相手が青くなってそれをことわると、「そんならオレが先にとるぜ」と、ラスネールは目印をつけておいた弾丸の入った方のピストルを取って、一瞬のうちに相手を撃ち殺したのです。そして自殺にみせかけ、自分は空のピストルを持って、さっさと宿に引きあげていきました。
カジノでの喧嘩《けんか》がもとで、有名な政治家兼小説家バンジャマン・コンスタンの甥《おい》と決闘したこともあります。このときコンスタンと彼は同じ賭博台《とばくだい》にむかっていましたが、コンスタンが負けがこんできて、ずるいいかさまをやったのです。
これをラスネールが注意すると、相手は答えました。「私が誰か知っておられるなら、そんなことはおっしゃらないでしょうね」
この高慢ちきな答えに、ラスネールはカチン。「私には有名人の叔父《おじ》はいませんが、少なくとも二枚舌で裏切り者のおじさんもいませんよ」
「何をおっしゃっているんでしょうか?」と、コンスタンもキッとなります。
「あれ? 百日天下のときのおじさんの、みごとな変身ぶりをお忘れですか」と、ラスネール。ナポレオンの百日天下のとき、それまで敵側だったコンスタンが皇帝側にさっさと寝がえり、いちはやく皇帝顧問官という地位をもらったことを言ったのです。
決闘はブローニュの森で行なわれました。最初に撃った相手の弾がそれ、その後すばやくラスネールが一発で相手を撃ち倒したといいます。

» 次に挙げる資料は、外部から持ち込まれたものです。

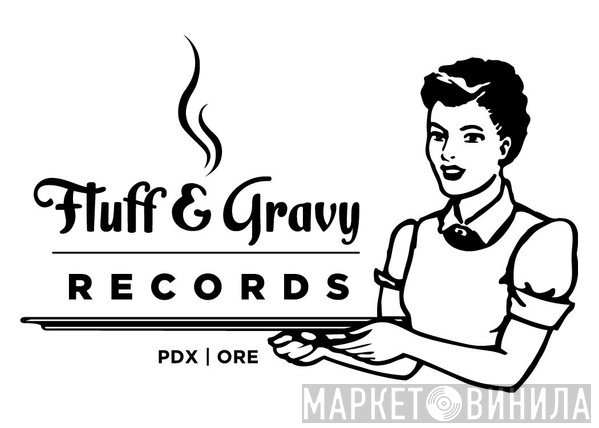 Fluff And Gravy Records - Винил CD и Кассеты лейбла Fluff And Gravy Records на сайте МаркетВинила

一八二九年、ラスネールが悪の道に入ったきっかけもユカイです。彼は不正な社会に挑戦するため、すすんで泥棒になろうと決意します。けれど泥棒になるには手下が必要だし、盗みの手口や泥棒仲間のスラングも覚えねばなりません。どうしたらいいのでしょう? 答えはカンタン。監獄に入って、本物の泥棒さんたちと親しく付きあえばいいのです。こうしてラスネールは、懲役半年を食らいこむぐらいの犯罪をおかして、牢に入ってやろうと計画をたてました。
ラスネールは貸し馬車屋にいき、一日の約束で馬車を借りだします。そして途中、タンプル街のある邸《やしき》の前に馬車をつけて、ここの人に手紙を届けてくれと御者にたのんだのです。御者が疑うようすもなく手紙をもって邸内に入ると、そのあいだに彼は馬に力一杯|鞭《むち》をあててトンズラしてしまい、前から契約していた相手に、馬車を売り飛ばしてしまいました。
ところが、馬車の座席の下から警察の許可証が見つかり、馬車の持主の住所氏名が記されていたので、盗品というのは簡単にバレてしまいます。行きつけのカフェで平然とコーヒーを飲んでいたラスネールはたちまち御用に。もっともここまでは、予定の行動でしたが……。
しかし半年のつもりが、思いもよらぬ一年という長い刑を食らったのは予定外でした。